For. (1) High-density seating, such as you find on a London Eastern Class 150, gives you no elbow room. (2) I can transfer the material, using the Short Messaging Service or Bluetooth, without rekeying. (3) It's very hard to find a working pen.

Against. (1) To type at any speed on a numerical keypad, you need to use predictive text, which is nothing of the sort. (2) A sufficiently large dictionary is too unwieldy in physical form and too slow over GPRS to use, so I put unknown or doubtful words in capitals in square brackets. There is no T9 (predictive text) dictionary for 1898 Bokmål, which means typing out the words letter-by-letter. Click click click wait click click, click click click click.

posted at: 14:48 | path: /methods | permanent link to this entry

Conviction
Despite having a stable name and personal history, unlike the narrator of Hunger, who I shall misleadingly call Tangen from now on, and Nagel in Mysteries, Johannes is unconvincing. He is a poet, apparently, a writer of a great book, then a writer of a new book about Didrik and Iselin, set, like Tangen's planned blasphemous work, in the Middle Ages, but there is little evidence of an inner life.

I am tempted to explain the difference in the following way, thinking of Hamsun's own difficulties in later life. Johannes's chief problem is that he can't move into the same social circles as Victoria. Nagel and Tangen, on the other hand, can barely walk down the road, talk to people, or buy food.

If you've ever walked into a shop and failed to recognize any of what they have for sale as food because you have low blood sugar, you will recognize Tangen's predicament. I've never tried to hobnob with the late 19th century Norwegian upper middle and upper classes. Maybe my lack of imagination is to blame.

posted at: 13:50 | path: | permanent link to this entry

Wed, 08 Sep 2004

Danish orthography
Mand. (Man.) Fotbold. (Football.) I'm not going to justify, excuse or even attempt to explain, let alone pronounce Danish spelling, or discuss in what sense the d in those words is silent. I will simply point out that in 1898, two years after the death of Ivar Aasen, when Victoria was written, Bokmål still largely followed Danish spelling. Hence the homunculus that Johannes, the miller's son, imagines in the cave where he takes Victoria in chapter 1, is a mandsling. He would be a mannsling today.

I will mention that Dogville could conceivably in Danish be pronounced like Deauville in France, where they have an American film festival. Then I could make the rather rude nasal siren sound that means "You didn't think of that, did you?" and which mirrors the tone of the long Oh that means "I didn't think of that".

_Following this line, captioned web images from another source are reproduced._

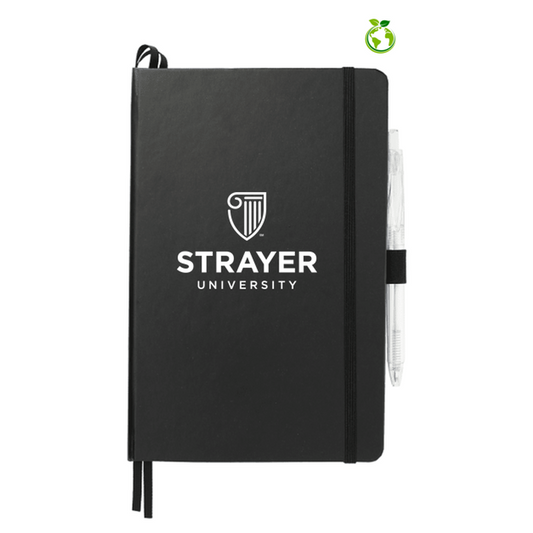 STRAYER 5.5" x 8.5" FSC® Mix Bound JournalBook Set BLACK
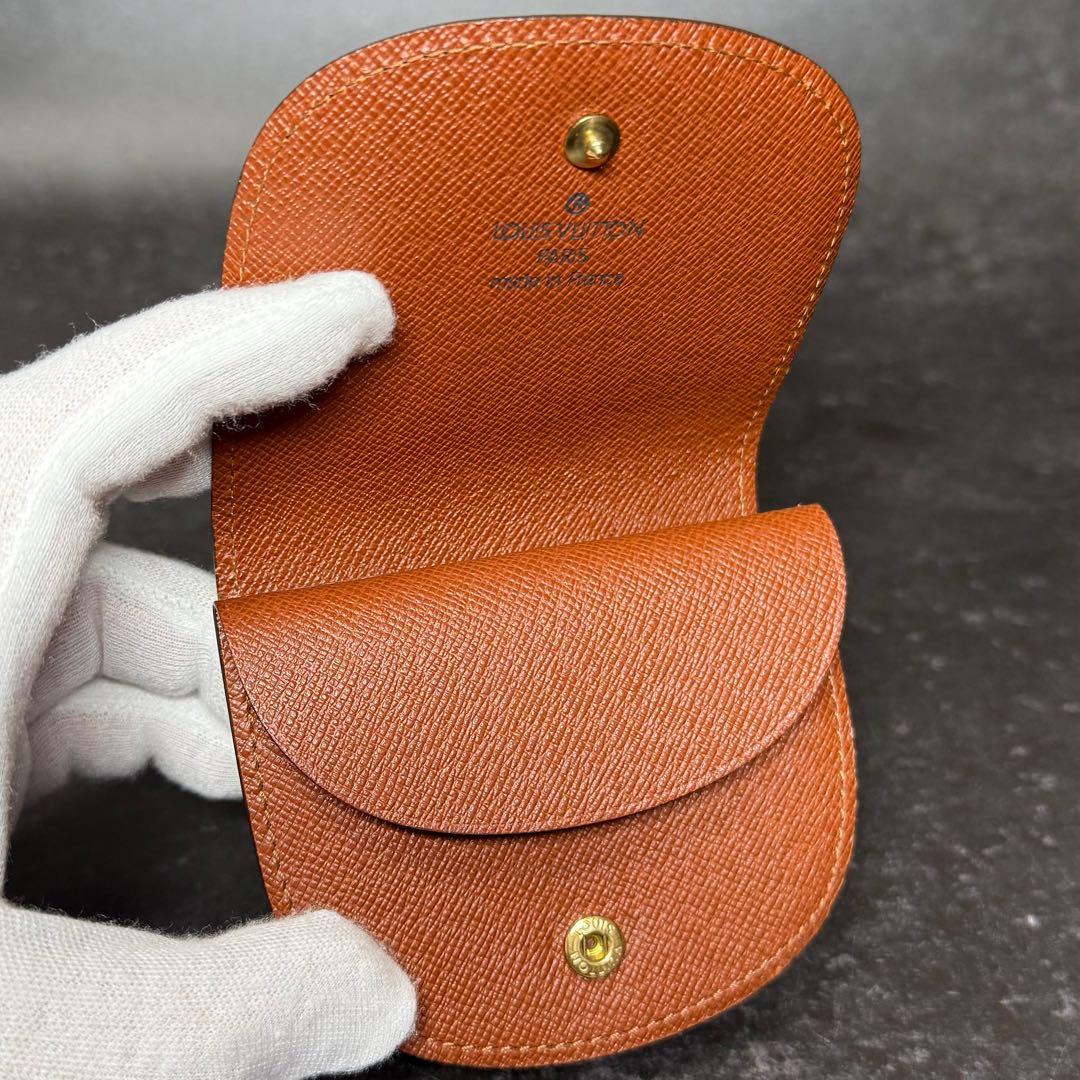 新品未使用 最終型 ルイヴィトン モノグラム ポルトモネグセ 小銭入れ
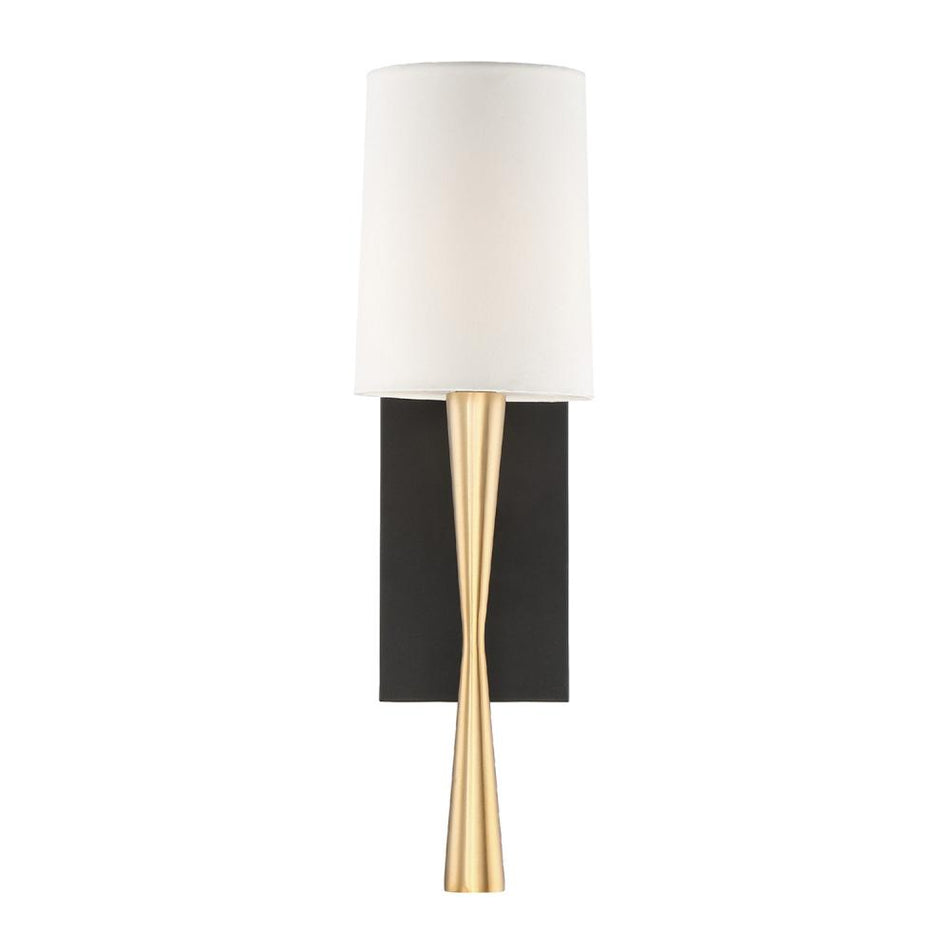 Transitional Wall Sconce from the Trenton Collection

posted at: 18:34 | path: | permanent link to this entry

Victoria on stage
If you're near Oslo between the 8th of September and the 30th of October, and I won't be because I've run out of holiday, it's on at Oslo Nye Teater, Hovedscenen on Rosenkrantzgata.

posted at: 18:20 | path: /links | permanent link to this entry

Thu, 05 Aug 2004

Svermeren, by Ingar Sletten Kolloen
NRK (Norwegian Broadcasting) has a review of this recent Hamsun biography.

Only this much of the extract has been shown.